Никто, может быть, в такой мере, как Достоевский, не понимал того, что окончательные судьбы христианства – выше всех судеб исторических, за всеми историческими судьбами человечества; но он понимал также, что прежде, чем вступить на этот путь сверхисторический, надо пройти до конца, до крайней точки все пути исторические; что прежде, чем наступит бесконечное мгновение, когда «времени больше не будет» , – надо, чтобы раньше все «времена и сроки» исполнились. Религия для Достоевского есть не отрицание, как для Л. Толстого, а высшее утверждение и завершение – преодоление истории. Никто, может быть, в такой мере, как Достоевский, не чувствовал живую связь прошлого с будущим, живую цепь всемирно-исторической религиозной преемственности, из которой нельзя вынуть ни одного звена, не разорвав всей цепи.
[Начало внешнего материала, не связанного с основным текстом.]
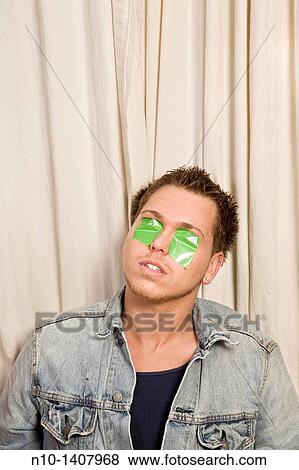 Young man with green tape over his eyes View Large Photo Image Stock Photo - Young man with green tape over his eyes. Fotosearch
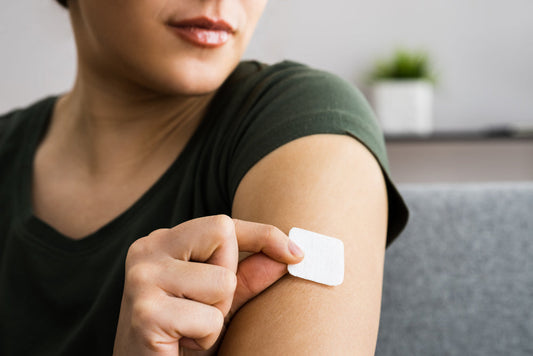 A person in a green shirt applies a vitamin patch to their upper arm while sitting on a couch, highlighting the convenience of using patches over traditional supplements.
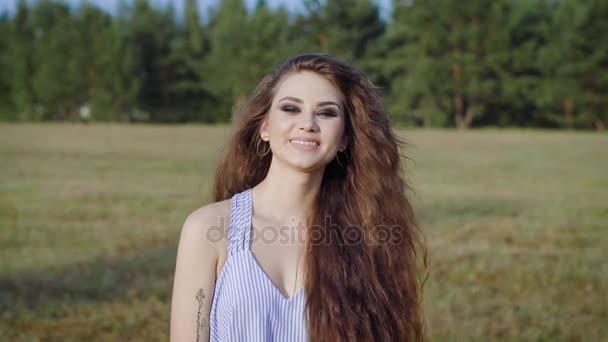 Молодая и красивая женщина счастливо ходит по полю, улыбаясь, смеясь и наслаждаясь последними днями лета — стоковое видео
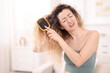 © New Africa - Unhappy woman trying to brush her tangled hair at home, space for text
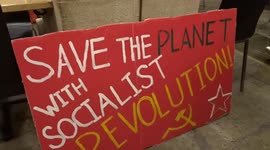 Protesters in a church crypt with 'Save the Planet with Socialist Revolution' placard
Эту-то связь истории с религией, которая в то же время есть связь народа со всемирною культурою, Достоевский и выразил в произведении, недаром написанном тотчас после «Преступления и наказания», в «Идиоте» – в «колоссальном лице» христианском, противопоставленном столь же колоссальному лицу антихристианскому – Раскольникову. Мы видели, как этот последний, с одной стороны, в высшей степени русский, «петербургский тип», «тип петербургского периода русской истории», по выражению самого Достоевского о пушкинском Германе, возможный только в России, только в городе Петра, Медного Всадника, с другой стороны, вышел из Германа, из всех байроновских героев, больших и малых демонов, западноевропейских «бесов», подражателей Наполеона-»антихриста»; и через Подростка еще дальше, еще глубже в глубину Запада, в глубину Пушкина – из Скупого рыцаря, который в самом рыцарстве, то есть в самом расцвете средневекового мистического христианства, воплотил противоположное антихристианское начало, крайнее развитие обособленной аристократической личности, жажду свободы и «уединенного могущества» («С меня довольно сего сознания»); как вышел он таким образом из последних глубин антихристианской или только кажущейся антихристианскою, всемирной культуры. Противоположный близнец Раскольникова, князь Мышкин, Идиот – не менее русский, даже петербургский тип (как царевич Алексей Петрович – необходимый трагический двойник Петра) вышел из последних глубин той же западноевропейской и всемирной, но только уже христианской культуры через другого, противоположного, не Скупого, а Бедного пушкинского рыцаря. Влюбленная в князя Мышкина молодая девушка Аглая читает это стихотворение Пушкина. «Глаза ее блистали, – говорит Достоевский, – и легкая, едва заметная судорога вдохновения и восторга раза два прошла по ее прекрасному лицу. Она прочла:

Жил на свете рыцарь бедный,

Молчаливый и простой,

С виду сумрачный и бледный,

Духом смелый и прямой.

Он имел одно виденье,

Непостижное уму,

И глубоко впечатленье

В сердце врезалось ему.

Полон чистою любовью,

Верен сладостной мечте,

А. М. D. своею кровью

Начертал он на щите.

Возвратясь в свой замок дальний,

Жил он строго заключен.

Все безмолвный, все печальный,

Как безумец, умер он».

«Как безумец», или – как «идиот» : «замок дальний», из которого вышел и в который вернулся князь Мышкин, оказался для него швейцарскою лечебницею душевнобольных; но не внешний, а внутренний необычайный параболический путь, описанный в духовных пространствах князем Мышкиным и Бедным Рыцарем – один и тот же: из одной пустыни через «мир» и борьбу с неверными сынами этого «мира» – «сарацинами» – в другую, еще большую пустыню; из одного безмолвия через воинствующую проповедь любви – таинственной «Дамы» своего сердца – Lumen Coeli , Sancta Rosa , «Великой Матери, упования рода человеческого» – в другое, еще большее безмолвие – таков этот путь; оба рыцаря, как замечает Аглая, несколько похожи в своей трагической судьбе на Дон Кихота; но только это Дон Кихоты не прошлого, а будущего – «слишком ранние предтечи слишком медленной весны». Идиот Достоевского – западноевропейский, феодальный, средневековый Бедный Рыцарь, переведенный на русский, то есть на будущий всемирный язык.